Moreh in Wikipedia
Moreh is a name of a location, commonly used in the Genesis.
Translators who consider the obscure elon moreh of Genesis
12:6 to be the name of a locality, render it as "the plains
of Moreh". Translators who consider the term to be a sacred
tree or grove, often render it "terebinth," a tree notable
for its size and age in dry landscapes of the region. The
noble terebinth is a member of the pistachio and sumac
family. Thus for them, at Shechem, grew the terebinths,
elone moreh: "Abraham passed through the land as far as the
site of Shechem, at the Terebinths of Moreh. The Caananites
were then in the land" (Genesis 12:6). This tree or grove,
with a name that must mean "teacher," "oracle" was a
landmark in the area called the "plains of Moreh"

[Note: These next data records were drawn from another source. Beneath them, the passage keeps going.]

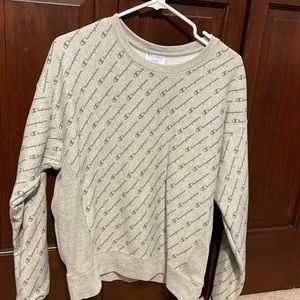 Champion graphic crewneck.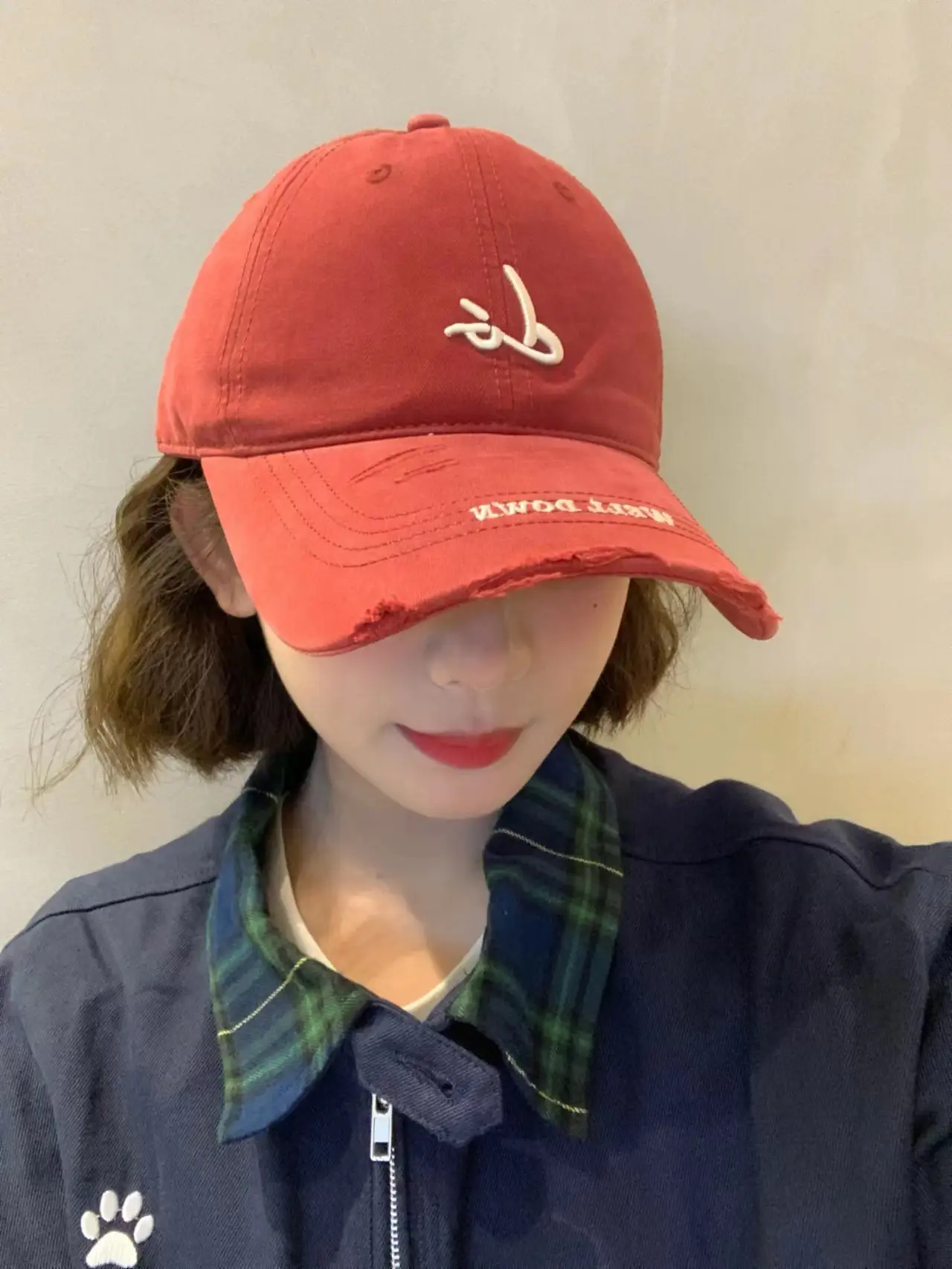 White Embroidered Letter Baseball Cap for Women — feature 11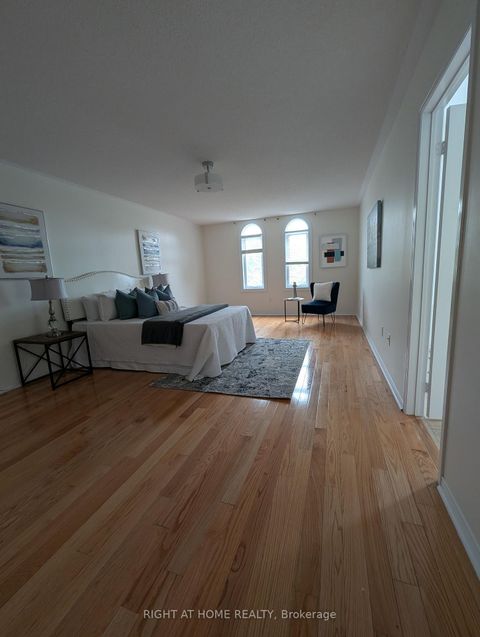 Photo 10 at 158 Hollywood Hill Circle, Vellore Village, Vaughan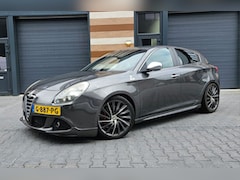Alfa Romeo Giulietta - 1.7 Quadrifoglio Verde Volled. Historie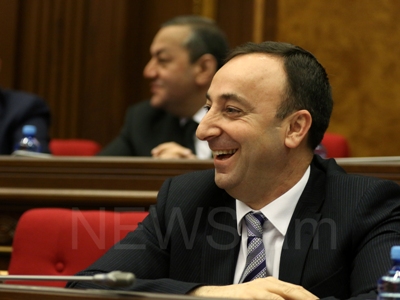 Հրայր Թովմասյանը պարզաբանել է, թե ինչու է հանդիպել Սերժ Սարգսյանի հետ նրա հրաժարականից հետո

(Deuteronomy 11:30) or the "hill of Moreh" (Judges 7:1).
Genesis 35:4: And they gave unto Jacob all the strange gods
which [were] in their hand, and [all their] earrings which
[were] in their ears; and Jacob hid them under the oak which
[was] by Shechem. A neutral reading discovers that the tree,
oak or not, grew above buried idols and dedicated treasure,
the Hebrews remembered, and they associated the burial of
these things with the patriarchal age.
The site of Moreh, a hill by which Gideon camped before he
attacked the Midianites, is sometimes identified with modern
Nebi Dahi, Israel, south of Mount Tabor but this has not
been confirmed on the ground.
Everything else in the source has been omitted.